If I had a dollar for every time I declared, “it’s not the network”, I’d be a millionaire. Of course, I’ve always felt sorry for my Security Engineer compatriots with their firewalls, because they’d be billionaires. I think that’s the actual flowchart: first blame the firewall, then blame the network.
What’s so ironic is that it’s been my experience (as I’m sure it has with most every other network engineer out there), that it’s usually not the firewall or the network. As network engineers, we’ve sort have accepted this accusation as part of the troubleshooting process when something does go haywire. And the vindication when it’s discovered not to be the network can be very sweet indeed. At least, until the next time…
So why do the accusations fly then? What makes the network an easy target?
First off, don’t take it personal. It’s not. You’re simply the face of their perceived problem. A good analogy to think of is when someone is downing. They’re in panic mode and they will often attack and lash out at the lifeguard trying to save them because of that panic.
Well, and to be honest, it is an easy target. It’s at the core of every transaction a user makes. Servers, Databases and other systems can be so ambiguous to users that they simply surmise what they see, which is a perceived network issue. When you think about it, I can hardly blame them. Well, almost not.
And please don’t get me wrong, this isn’t a “server vs. network” thing, or me bashing the server folks. I’ve got a lot of respect for them, definitely. But they do kind of have it a little easier (I did say a little easier, not a lot!) when it comes to troubleshooting an initial issue.
But that’s when the fun begins. Our job as network engineers is to certify the network. Run the pings, traceroutes, check the logs, interface stats, CPU stats, routing tables, spanning tree, etc, etc. Once that’s done, we can pass the baton to the other folks. However, if we do, we better be damn sure we haven’t missed anything. And unfortunately, that takes time. And with every outage, the clock is ticking.
Hopefully, the server/system folks are simultaneously troubleshooting instead of serially troubleshooting, so the mean time to recover is less. I’ve had that challenge in the past, where it’s a “wait and see” mentality. That’s been a political struggle I’m sure a lot of you are familiar with: the whole, “my system is fine, call me when you prove it’s not the network”.
The better the teams work with each other, of course, the faster the issue gets resolved, which is and always will be job one. I always say, “we’re going to succeed or fail together, so we might as well fight together.”
Unfortunately, it happens more often than it should. It happens when people work in silos. It happens when fear takes over. The fear that you’ll fail. The fear that your humanity will get you fired for some reason. There’s a lot of pressure in these situations, and it makes the mind wander and makes you doubt yourself and your abilities. That’s when you get into trouble. Insecurity is the enemy. The best advice I could give is to focus on the work, do your best, and you’re going to be just fine. The quicker it’s over, the quicker you can move on to the next outage.
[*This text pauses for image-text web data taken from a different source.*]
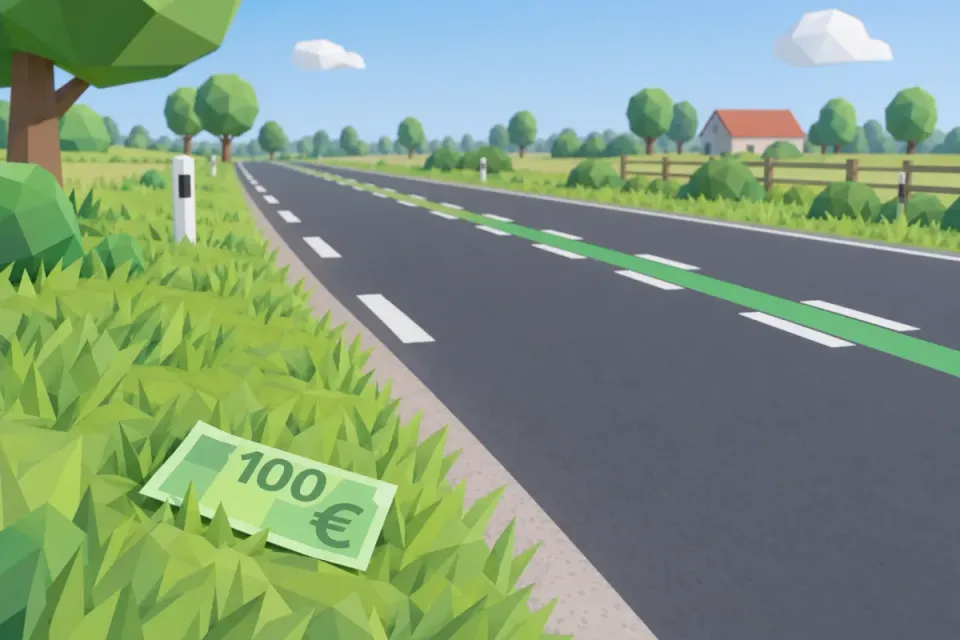 Een groen briefje van 100 euro naast een weg met een groene streep
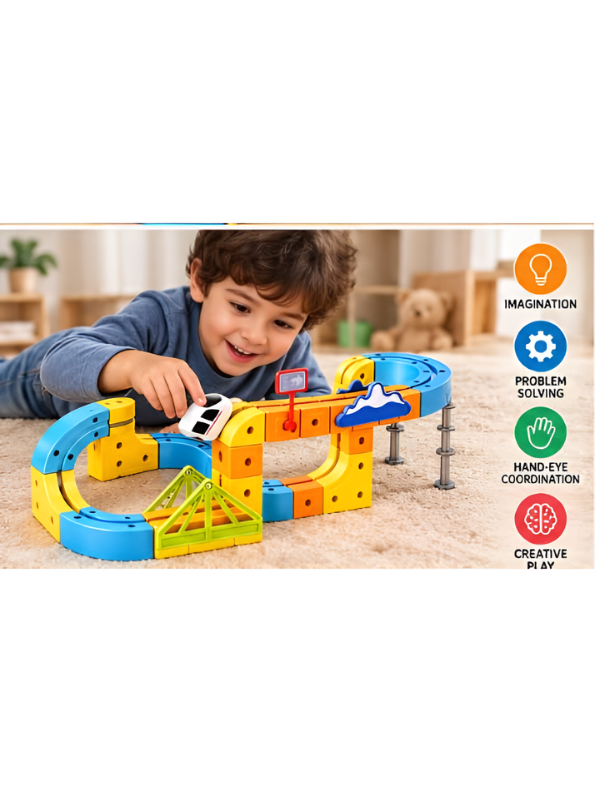 Magnetic Rail Car Track Building Set – STEM Educational Creative Learning Toy with Train, Bridge, and Blocks for Kids Age 3+ LMI16948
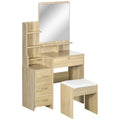 Ensemble de coiffeuse table de maquillage avec tabouret rembourré grand miroir + plusieurs étagères ouvertes + 4 tiroirs bois naturel-0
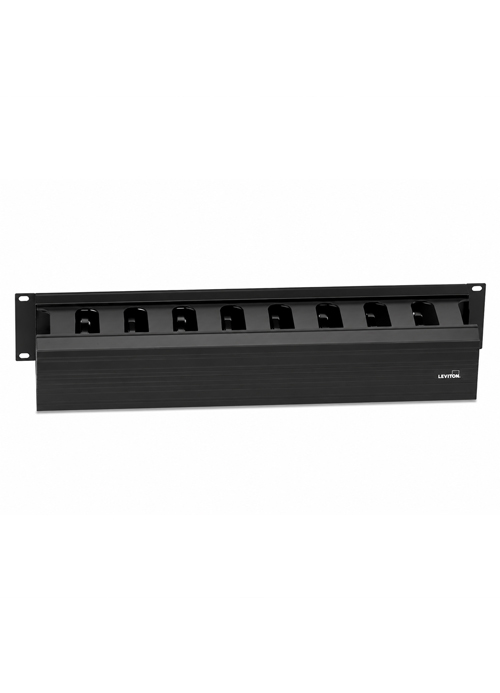 LEVITON - 492RU-HFO VERSI-DUCT® Horizontal Cable Manager – 2RU, 3" × 3", Front Only, Black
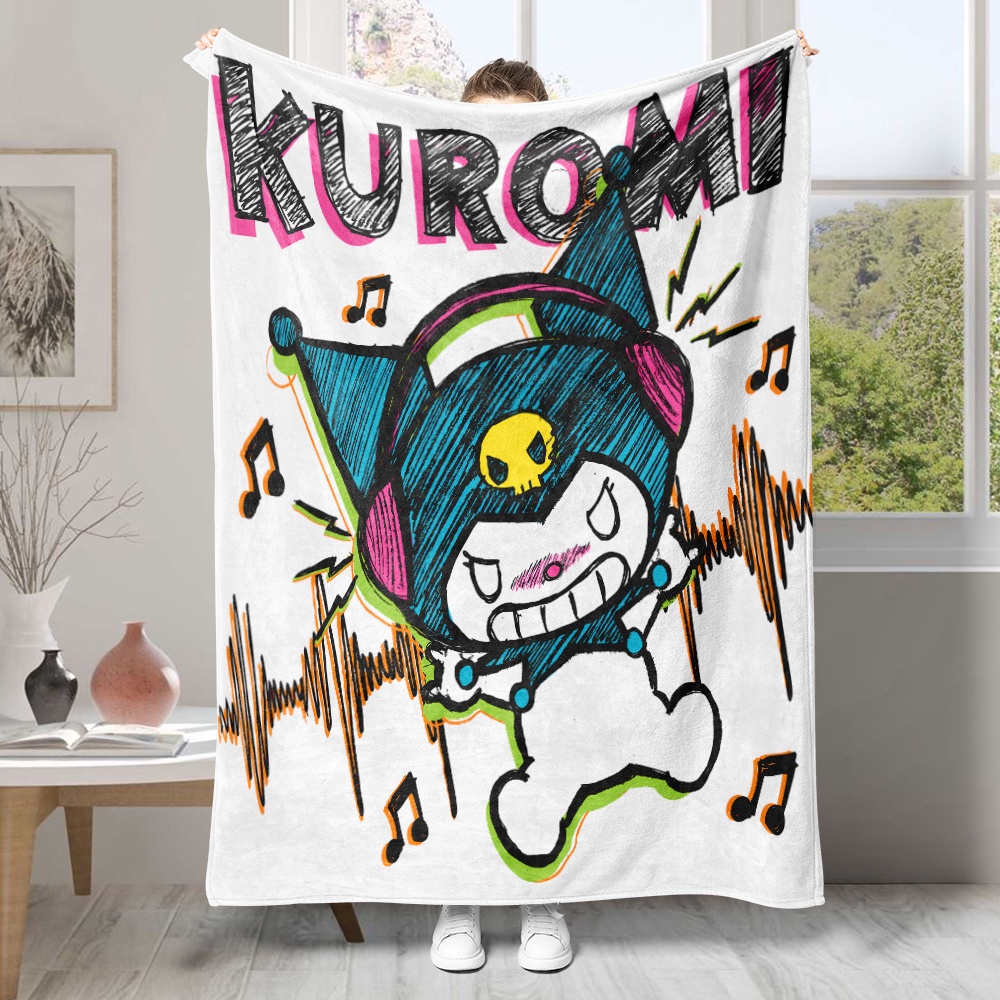 Dễ Thương Chăn flannel In Hình kuromi Hoạt Hình Đáng Yêu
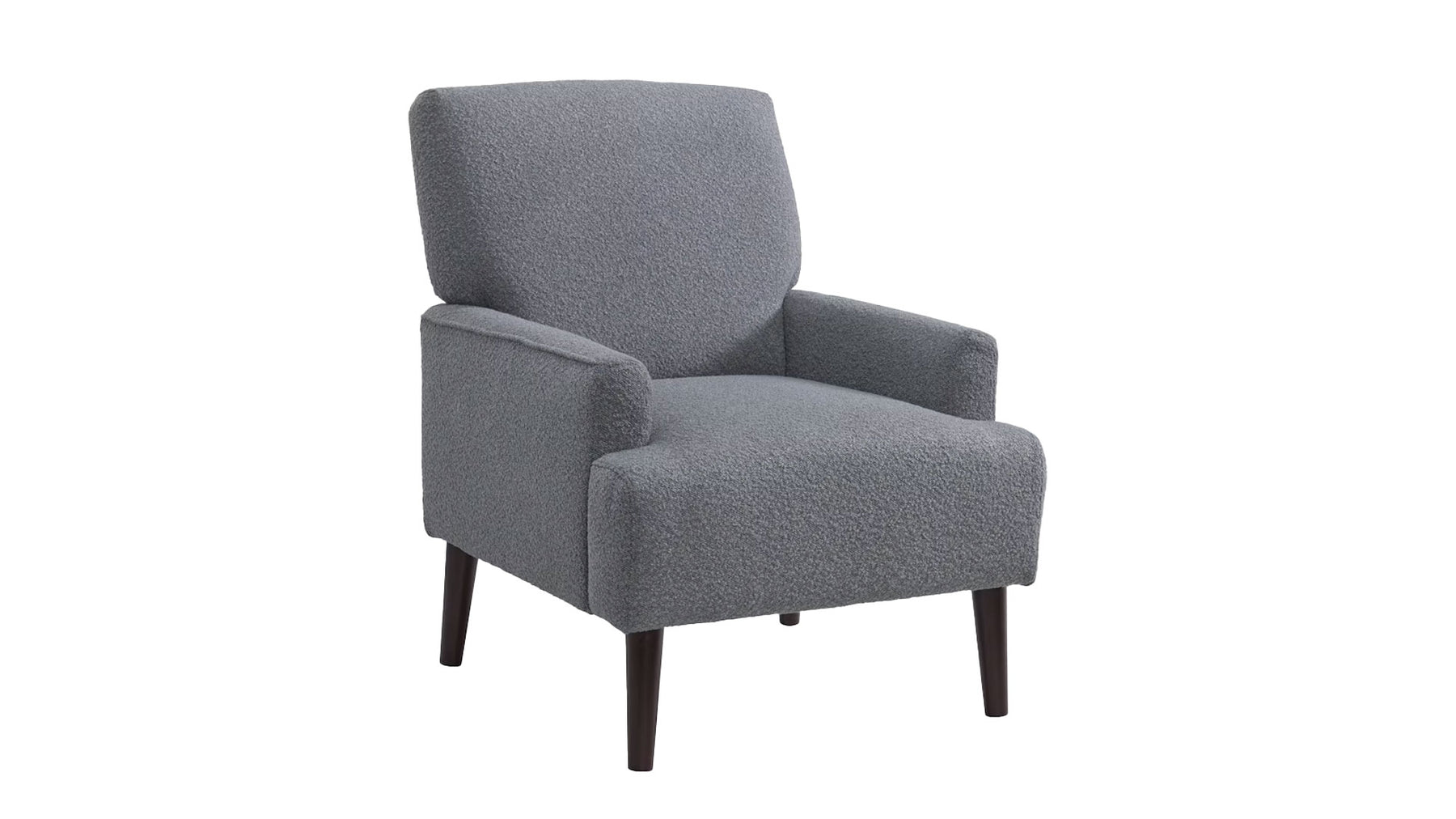 Kiwi Accent Chair – Grey Bouclé Upholstered Armchair with Wood Legs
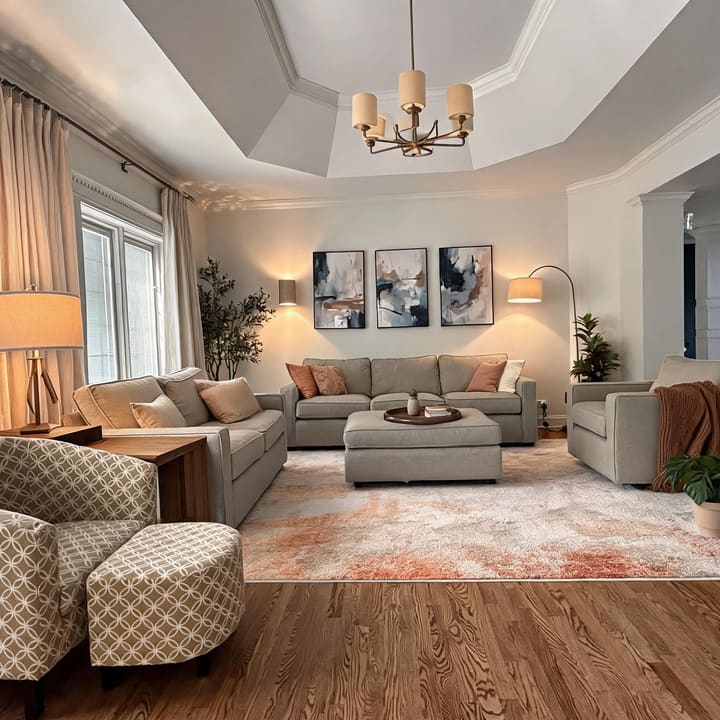 Transitional AI design result for Living Room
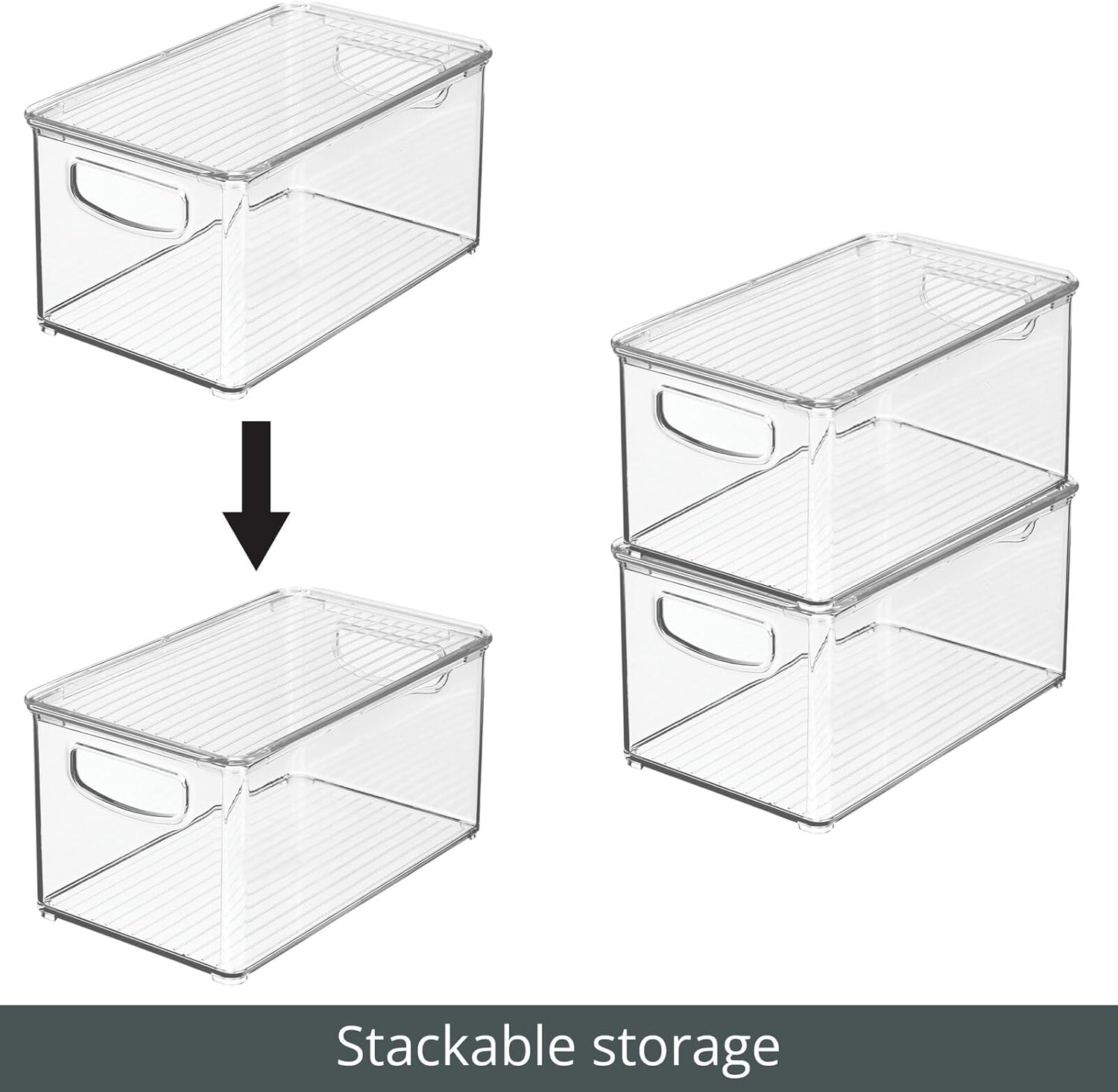 mDesign Plastic Deep Storage Bin Box Container with Lid and Built-In Handles - Organization for Fruit, Snacks, or Food in Kitchen Pantry, Cabinet, or Cupboard, Ligne Collection, 8 Pack, Clear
Also, don’t fall for the “it’s my system” mentality. This is when pride gets in the way. “Nothing is wrong with my system, it must be your system that’s the problem”. The mentality of “mine” is not even a realistic viewpoint. “This is my gear”. Nope, it’s the company’s gear. You’ve just been hired to look after it.
But it can be understandable why some folks might feel this way: they surmise if there’s something wrong with the system, there’s something wrong with them. You have to fight that attitude, because at the end of the day, it really has nothing to do with you. Things break, things get horked. We’re firefighters. We can’t be blamed or held accountable for the fire itself.
So what can we do as the stewards of networking to minimize these accusations? Is there anything we can do? To be honest, we can’t. We have no control over what others will think, feel or do. But that’s OK. What we can do is minimize the outage by being proactive about the network in general. By monitoring the health of the network, and to certify that it’s good in an expeditious manner is the best we can do. When we do report that it’s not the network to management, we haven’t wasted much time.
After all, the whole point is to restore the entire system for the customer, not to debate whose issue it actually is.